The Minnesota Department of Natural Resources (DNR), Red Lake Nation, and Bureau of Indian Affairs have signed a new five-year agreement that outlines how the parties will work together to maintain the health of the Upper and Lower Red lakes fishery.
The new memorandum of understanding closely parallels a 1999-2009 agreement that helped restore high-quality walleye fishing to Minnesota’s largest inland body of water. The agreement, among other things, states each entity will support the Red Lake Fisheries Technical Committee, a joint panel of experts that recommends policies and practices to maintain a healthy fishery.

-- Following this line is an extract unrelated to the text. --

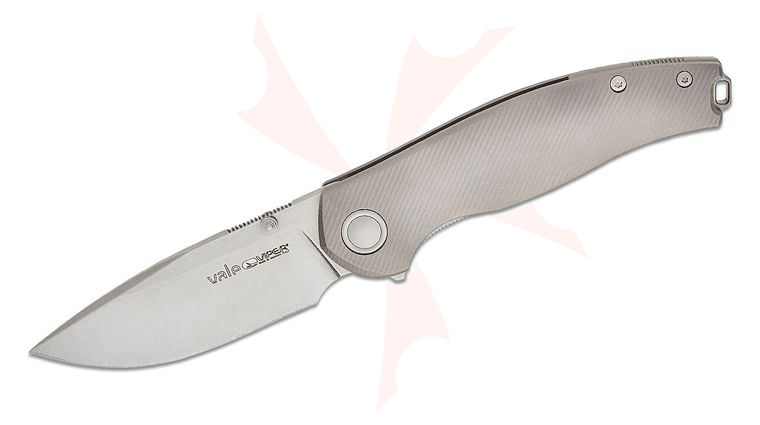 Viper Knives Jesper Voxnaes Vale Liner Lock Flipper Knife 3 inch CPM-MagnaCut Satin Drop Point Blade, Milled Titanium Handles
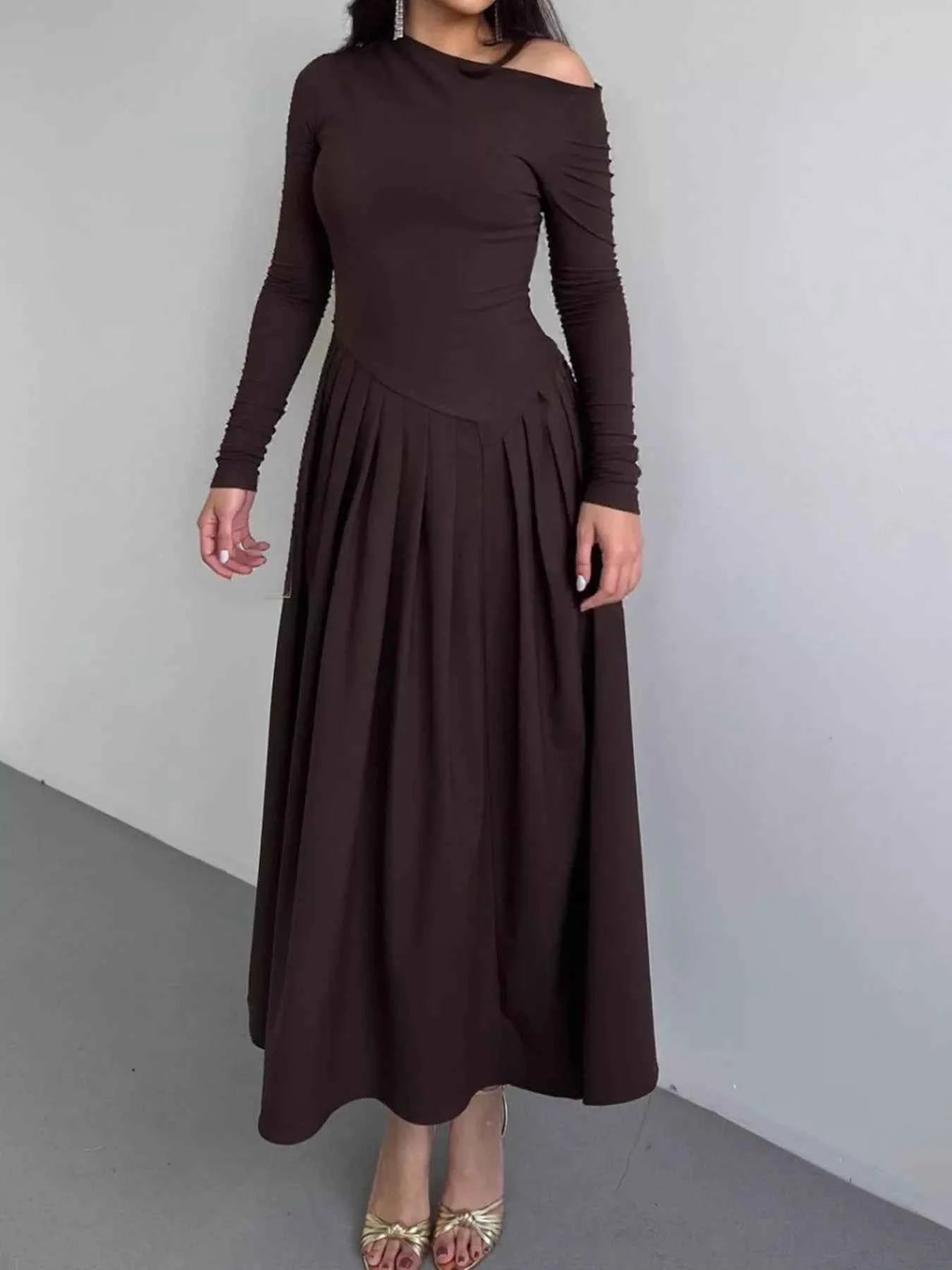 Ruched One Shoulder Long Sleeve Dress c5630585df394c9db97a5e3040a2dace-Max-Origin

“We’ve come a long way in the past decade,” said DNR Commissioner Mark Holsten, noting that anglers have caught more than 1.1 million pounds of walleye since the lake was reopened to fishing in 2006. “By renewing this agreement, we are reaffirming our commitment to a process that has delivered results.”
“Red Lake Band members are pleased that our walleye have come back and our fishing community is revitalized,” said Floyd Jourdain Jr., chairman of the Red Lake Band of Chippewa Indians. “We are committed to ensuring that Red Lake walleye are managed sustainably in the future. Renewing this agreement will enable the Fisheries Technical Committee to continue its work to help protect this valuable resource.”
The agreement was signed today during a brief ceremony in Red Lake. Historically, Upper and Lower Red lakes were outstanding walleye fisheries, but they collapsed in the mid-1990s due to over harvest.
The Red Lake Fisheries Technical Committee was formed in 1998. Since then, the regulations, policies and other actions this joint body has recommended have led to a healthy walleye population and a resurgent walleye fishing economy.